We are calling on the Department to set out how, and by when, it will encourage applications from areas with a high or severe forecast need for extra schools places, working with local authorities where appropriate.

The Department should also be more open about the reasons for making decisions in favour of opening free schools. It was unable to give us a consistent explanation of how its decision-making process leads to certain applications’ approval and others’ rejection, and how this represents value for money.

Capital costs of the free school programme are escalating. The most recent round of approved free schools had a greater proportion of more expensive types, such as secondaries, special and alternative provision, located in more expensive regions such as London, the South East and South West. If this mix of approved free schools continues, there is a risk of costs exceeding available funding."

Margaret Hodge was speaking as the Committee published its 56th Report of this Session which, on the basis of evidence from Peter Lauener, CEO, Education Funding Agency, and Chris Wormald, Permanent Secretary, Department for Education, examined the subject of establishing free schools.

Free schools are all-ability state-funded schools set up in response to what people say they want and need in their community to improve education for local children. The Department has made clear progress on implementing a policy priority by opening new free schools quickly. The Department has strengthened aspects of the way it selects which applications to approve. However, we are concerned that applications for new free schools are not emerging from areas of greatest forecast need for more and better school places. Around 87% of projected primary places in the free schools opened so far were in districts that had forecast a high or severe need for extra places, but only 19% of secondary places in the free schools opened so far were in such areas. We also have concerns over standards of governance in some free schools. Recent cases of poor financial management and governance in a small number of free schools highlight the need for improvements to the Department’s and the Education Funding Agency’s monitoring arrangements.

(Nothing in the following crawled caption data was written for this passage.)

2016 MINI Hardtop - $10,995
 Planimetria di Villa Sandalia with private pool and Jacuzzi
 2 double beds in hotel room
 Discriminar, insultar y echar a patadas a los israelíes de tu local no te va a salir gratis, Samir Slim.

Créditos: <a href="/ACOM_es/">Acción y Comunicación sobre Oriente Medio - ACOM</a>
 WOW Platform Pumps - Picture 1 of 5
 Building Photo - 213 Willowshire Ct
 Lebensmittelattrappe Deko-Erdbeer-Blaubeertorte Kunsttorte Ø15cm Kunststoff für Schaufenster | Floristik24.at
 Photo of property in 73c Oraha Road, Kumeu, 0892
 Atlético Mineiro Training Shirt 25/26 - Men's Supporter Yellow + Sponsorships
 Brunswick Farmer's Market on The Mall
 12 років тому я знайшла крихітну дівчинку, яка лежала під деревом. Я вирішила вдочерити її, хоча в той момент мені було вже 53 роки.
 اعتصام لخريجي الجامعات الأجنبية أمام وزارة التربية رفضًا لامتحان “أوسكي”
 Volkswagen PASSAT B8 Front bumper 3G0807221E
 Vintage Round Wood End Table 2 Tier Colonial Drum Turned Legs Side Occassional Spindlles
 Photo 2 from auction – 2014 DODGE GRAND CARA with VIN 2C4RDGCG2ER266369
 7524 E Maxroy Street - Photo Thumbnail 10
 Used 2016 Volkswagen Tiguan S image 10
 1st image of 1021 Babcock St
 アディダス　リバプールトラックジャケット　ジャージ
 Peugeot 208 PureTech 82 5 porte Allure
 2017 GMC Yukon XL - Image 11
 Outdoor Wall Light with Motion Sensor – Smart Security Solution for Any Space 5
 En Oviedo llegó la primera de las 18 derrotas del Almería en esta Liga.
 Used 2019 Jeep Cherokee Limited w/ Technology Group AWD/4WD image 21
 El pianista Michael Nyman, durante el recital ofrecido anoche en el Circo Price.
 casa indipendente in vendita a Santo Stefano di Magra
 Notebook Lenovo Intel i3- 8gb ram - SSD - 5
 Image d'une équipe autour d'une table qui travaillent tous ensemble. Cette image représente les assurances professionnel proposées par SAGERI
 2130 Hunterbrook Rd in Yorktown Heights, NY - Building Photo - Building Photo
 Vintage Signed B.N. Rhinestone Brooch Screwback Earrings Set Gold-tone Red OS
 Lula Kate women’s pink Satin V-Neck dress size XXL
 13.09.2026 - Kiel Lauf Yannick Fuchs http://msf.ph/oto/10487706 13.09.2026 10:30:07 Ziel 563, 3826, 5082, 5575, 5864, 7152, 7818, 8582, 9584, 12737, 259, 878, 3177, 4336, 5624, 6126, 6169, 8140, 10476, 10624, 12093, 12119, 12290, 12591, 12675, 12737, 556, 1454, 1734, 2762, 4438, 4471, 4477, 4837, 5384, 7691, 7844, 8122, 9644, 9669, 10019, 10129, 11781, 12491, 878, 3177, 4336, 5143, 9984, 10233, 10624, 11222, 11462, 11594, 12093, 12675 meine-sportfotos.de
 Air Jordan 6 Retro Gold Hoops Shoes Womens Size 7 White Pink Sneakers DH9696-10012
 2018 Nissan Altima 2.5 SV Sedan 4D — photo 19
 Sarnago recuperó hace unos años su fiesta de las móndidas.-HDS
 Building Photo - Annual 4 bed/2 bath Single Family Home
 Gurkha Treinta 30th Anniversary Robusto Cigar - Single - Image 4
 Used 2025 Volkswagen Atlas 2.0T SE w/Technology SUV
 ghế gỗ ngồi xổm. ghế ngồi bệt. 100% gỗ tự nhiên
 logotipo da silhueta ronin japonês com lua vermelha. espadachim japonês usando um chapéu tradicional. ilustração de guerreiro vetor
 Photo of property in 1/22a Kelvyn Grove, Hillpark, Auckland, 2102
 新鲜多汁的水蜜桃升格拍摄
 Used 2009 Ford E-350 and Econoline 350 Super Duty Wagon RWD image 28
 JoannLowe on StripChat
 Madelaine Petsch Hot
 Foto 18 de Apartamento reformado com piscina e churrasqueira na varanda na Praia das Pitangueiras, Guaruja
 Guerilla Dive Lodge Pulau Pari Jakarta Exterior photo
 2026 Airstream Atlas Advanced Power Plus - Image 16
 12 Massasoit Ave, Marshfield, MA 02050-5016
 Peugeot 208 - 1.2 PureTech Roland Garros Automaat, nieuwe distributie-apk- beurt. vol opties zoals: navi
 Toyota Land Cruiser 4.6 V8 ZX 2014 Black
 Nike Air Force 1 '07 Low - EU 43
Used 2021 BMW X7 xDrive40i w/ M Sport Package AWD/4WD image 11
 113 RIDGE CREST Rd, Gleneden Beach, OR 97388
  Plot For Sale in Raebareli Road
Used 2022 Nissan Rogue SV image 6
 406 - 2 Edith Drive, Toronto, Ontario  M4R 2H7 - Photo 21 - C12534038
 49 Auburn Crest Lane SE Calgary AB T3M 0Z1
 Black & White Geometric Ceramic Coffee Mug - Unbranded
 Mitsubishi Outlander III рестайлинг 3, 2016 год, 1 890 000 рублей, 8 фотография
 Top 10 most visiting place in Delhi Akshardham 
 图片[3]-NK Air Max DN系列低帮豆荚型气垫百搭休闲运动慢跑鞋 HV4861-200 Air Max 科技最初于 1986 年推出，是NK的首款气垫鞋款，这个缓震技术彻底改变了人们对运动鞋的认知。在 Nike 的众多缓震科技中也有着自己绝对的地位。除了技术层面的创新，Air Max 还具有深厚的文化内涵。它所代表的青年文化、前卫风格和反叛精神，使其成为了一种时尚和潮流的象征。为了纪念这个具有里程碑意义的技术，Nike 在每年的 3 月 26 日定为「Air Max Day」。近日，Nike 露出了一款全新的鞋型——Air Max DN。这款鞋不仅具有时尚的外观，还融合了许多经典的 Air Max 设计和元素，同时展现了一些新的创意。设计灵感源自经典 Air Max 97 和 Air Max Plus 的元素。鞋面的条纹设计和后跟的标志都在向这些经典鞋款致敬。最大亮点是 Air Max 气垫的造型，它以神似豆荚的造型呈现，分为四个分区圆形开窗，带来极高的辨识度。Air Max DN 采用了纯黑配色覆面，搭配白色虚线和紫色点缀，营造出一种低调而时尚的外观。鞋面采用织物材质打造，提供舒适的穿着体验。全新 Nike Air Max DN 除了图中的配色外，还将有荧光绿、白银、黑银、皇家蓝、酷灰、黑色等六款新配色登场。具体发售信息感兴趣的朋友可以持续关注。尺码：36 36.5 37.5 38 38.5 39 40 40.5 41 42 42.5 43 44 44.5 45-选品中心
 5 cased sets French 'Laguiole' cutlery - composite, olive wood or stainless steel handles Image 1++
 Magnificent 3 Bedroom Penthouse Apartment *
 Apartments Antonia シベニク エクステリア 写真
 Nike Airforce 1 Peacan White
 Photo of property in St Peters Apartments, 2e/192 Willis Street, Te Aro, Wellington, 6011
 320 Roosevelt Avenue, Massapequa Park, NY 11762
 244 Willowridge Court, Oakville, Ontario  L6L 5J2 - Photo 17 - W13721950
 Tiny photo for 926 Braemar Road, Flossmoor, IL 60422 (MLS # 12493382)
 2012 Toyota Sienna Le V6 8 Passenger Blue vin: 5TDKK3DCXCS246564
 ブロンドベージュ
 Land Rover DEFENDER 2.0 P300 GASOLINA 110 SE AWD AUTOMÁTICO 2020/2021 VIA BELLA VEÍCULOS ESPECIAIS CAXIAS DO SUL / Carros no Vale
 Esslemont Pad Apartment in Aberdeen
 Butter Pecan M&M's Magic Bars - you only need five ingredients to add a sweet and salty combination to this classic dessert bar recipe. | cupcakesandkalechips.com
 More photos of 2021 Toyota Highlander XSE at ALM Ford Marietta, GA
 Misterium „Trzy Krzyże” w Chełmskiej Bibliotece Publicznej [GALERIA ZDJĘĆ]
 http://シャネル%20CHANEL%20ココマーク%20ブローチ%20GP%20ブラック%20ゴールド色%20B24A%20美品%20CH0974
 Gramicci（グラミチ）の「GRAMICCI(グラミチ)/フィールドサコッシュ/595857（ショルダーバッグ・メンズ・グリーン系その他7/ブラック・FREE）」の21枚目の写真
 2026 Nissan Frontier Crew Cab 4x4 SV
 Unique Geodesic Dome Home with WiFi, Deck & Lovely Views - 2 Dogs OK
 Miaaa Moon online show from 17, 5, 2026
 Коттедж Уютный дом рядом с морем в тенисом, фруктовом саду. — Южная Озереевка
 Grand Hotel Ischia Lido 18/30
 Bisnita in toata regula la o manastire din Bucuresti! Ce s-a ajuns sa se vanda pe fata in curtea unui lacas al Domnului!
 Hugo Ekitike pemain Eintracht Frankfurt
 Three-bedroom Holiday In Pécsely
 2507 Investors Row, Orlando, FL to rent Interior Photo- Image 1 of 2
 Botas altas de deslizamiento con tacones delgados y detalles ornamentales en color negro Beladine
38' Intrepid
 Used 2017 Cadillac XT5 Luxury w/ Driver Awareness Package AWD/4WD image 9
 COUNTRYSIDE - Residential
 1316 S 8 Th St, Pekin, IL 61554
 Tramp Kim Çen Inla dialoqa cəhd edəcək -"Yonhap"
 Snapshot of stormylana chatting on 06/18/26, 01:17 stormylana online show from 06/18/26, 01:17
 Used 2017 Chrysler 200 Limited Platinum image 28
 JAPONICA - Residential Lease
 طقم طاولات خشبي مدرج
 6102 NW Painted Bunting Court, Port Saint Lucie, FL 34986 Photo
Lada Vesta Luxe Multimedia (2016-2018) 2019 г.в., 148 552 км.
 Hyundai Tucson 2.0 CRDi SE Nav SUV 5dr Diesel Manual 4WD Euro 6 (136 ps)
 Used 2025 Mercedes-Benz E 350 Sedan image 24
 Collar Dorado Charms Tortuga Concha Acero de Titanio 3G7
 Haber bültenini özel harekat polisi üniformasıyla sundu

Free schools operate independently of local authorities and have freedoms over their curriculum, school day and term time, staffing, and budgets. The Department invited the first applications to set up free schools in June 2010 and the first 24 free schools opened in September 2011. By September 2013, there were 174 free schools open with a further 116 in the pipeline to open from September 2014 onwards. The Department estimates that it will have spent £1.1 billion on free schools by March 2014, of which £0.7 billion will be capital expenditure on buildings and land. The Department implements free school policy, assesses and approves applications, and has overall responsibility for value for money. The Education Funding Agency (the Agency) is responsible for acquiring premises, and for the funding and oversight of financial management and governance in open free schools.

Recommendations

The Department could do more to draw on the experience of the early tranches of free schools to understand the take-up of places. The Department intends that applications to open free schools respond to local demand to improve education. The programme is demand-led and, as part of the selection process, applicants must provide evidence of the parental demand for places. The Department considers ‘demand’ in broad terms to include a need for places, a demand for better quality provision or for a type of school that offers a distinctive approach. At the early stages of an application, there is bound to be less certainty about eventual demand and there are different expectations about how quickly schools will recruit pupils depending on the different rationale for the school. For example, a school responding to a need to places may fill faster than a school responding to a demand in quality, as it takes time for schools to establish a reputation for quality with parents. The NAO report showed that, in their opening year, free schools attracted three-quarters of their planned numbers of pupils, but many free schools admitted fewer pupils than planned admission numbers. Sometimes this was a consequence of schools opening in temporary accommodation; sometimes it was due to a lack of accurate forecasts of demand.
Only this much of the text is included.